- INSTRUCTIONS FOR THE TASK -
Within these entries, which lines include the string "Disney"? Copy each one.

::: EXERCISE INPUTS :::

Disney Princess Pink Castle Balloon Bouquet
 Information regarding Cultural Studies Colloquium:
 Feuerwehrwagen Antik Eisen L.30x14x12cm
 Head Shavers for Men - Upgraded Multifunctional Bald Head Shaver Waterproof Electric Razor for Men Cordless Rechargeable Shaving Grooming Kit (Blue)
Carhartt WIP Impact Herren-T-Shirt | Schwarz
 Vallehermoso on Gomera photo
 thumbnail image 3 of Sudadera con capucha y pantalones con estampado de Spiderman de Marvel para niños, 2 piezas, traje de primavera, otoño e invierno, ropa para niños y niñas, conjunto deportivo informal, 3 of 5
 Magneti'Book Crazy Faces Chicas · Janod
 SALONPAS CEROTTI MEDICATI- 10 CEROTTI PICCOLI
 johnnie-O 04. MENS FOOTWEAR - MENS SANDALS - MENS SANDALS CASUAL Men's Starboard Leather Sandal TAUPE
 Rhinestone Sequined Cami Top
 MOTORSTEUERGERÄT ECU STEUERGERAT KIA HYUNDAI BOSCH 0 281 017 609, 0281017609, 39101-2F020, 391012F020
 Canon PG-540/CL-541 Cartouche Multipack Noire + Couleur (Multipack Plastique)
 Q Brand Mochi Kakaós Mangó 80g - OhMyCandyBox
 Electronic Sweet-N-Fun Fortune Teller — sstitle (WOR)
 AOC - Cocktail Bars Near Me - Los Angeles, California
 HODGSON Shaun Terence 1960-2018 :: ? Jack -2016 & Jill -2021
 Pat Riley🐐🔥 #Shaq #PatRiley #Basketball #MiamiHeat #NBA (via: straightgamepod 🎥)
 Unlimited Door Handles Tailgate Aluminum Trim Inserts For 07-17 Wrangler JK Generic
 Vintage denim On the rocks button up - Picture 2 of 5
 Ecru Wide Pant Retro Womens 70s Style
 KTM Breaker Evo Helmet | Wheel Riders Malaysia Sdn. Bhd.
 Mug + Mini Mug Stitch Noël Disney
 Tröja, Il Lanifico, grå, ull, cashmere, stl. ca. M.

:::

- WRITTEN RESPONSE -
Disney Princess Pink Castle Balloon Bouquet
 Mug + Mini Mug Stitch Noël Disney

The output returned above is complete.